As a huge fan of West’s music—and let’s just be honest, I’m obsessed with his total image—Grammys night was a good night for me. West has become increasingly tolerable and almost endearing to the general public, and his performances and light-hearted moments added to that view.

The next morning, however, as interviews and sound bites started to roll in from various entertainment news outlets, it was clear West’s somewhat evolved image had reverted back to square one.

As interviews and sound bites started to roll in from various entertainment news outlets, it was clear West’s somewhat evolved image had reverted back to square one.”

— Codi Mohr

His comments about Beck’s Album of the Year win ignited the Internet with several op-eds and think pieces. But they seem to be taking it all a bit too far and way too personally.

In my head, what really happened is as follows:

West walks the red carpet with his beautiful wife, does some interviews without sounding like a total self-centered jerk (thanks to questions being fielded by Kim), kills his solo performance of “Only One” and completely throws down with Paul McCartney and Rihanna in “FourFiveSeconds.

He takes his seat post-performance and prepares to congratulate Queen Bey on her imminent Album of the Year victory.

Prince opens the envelope. “And the Grammy goes to… Beck, ‘Morning Phase.’”

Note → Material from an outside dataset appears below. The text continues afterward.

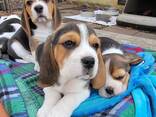 Wunderschöne Beagle-Welpen - photo 2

West, shocked, makes the most of the moment. If the world’s eyes aren’t going to be on Beyoncé, they’re going to be on him. He starts to climb the stairs, knowing the reactions behind him will distract viewers and audience members from watching Beck.

Inches from the microphone, West spins around and returns to his seat. The crowd loses its collective mind.

After the show, West and Kardashian-West do the obligatory interviews, and Kanye decides, in the moment, he wants his comical stunt to be symbolic.

So he calls out Beck for not deserving the award, and the world revolts against him once again.

First of all, why would the Academy seat someone with such a reputation so close to the stage? With West, there is always a potential, or maybe more of an inevitability, for controversy or spectacle, so why risk seating him so close to the action?

To label myself as the typical fan standing up for an artist who makes a mistake, Kanye’s just being Kanye. So he interrupts a silly award show. As someone who takes award shows of all kinds quite seriously, even I can admit how irrelevant it all is in the end.

Unfortunately I truly believe he never had any intention, originally, beyond a meta representation. But in his hunger for attention, West devised a way to keep his name in the headlines — as though he needed one.

The show is about recognizing artistry. Although West disagrees, the Academy is made up of industry men and women who, even if they choose more traditional winners, know music. They made their choice, right or wrong, and West is exploiting that choice for his own publicity, simple as that.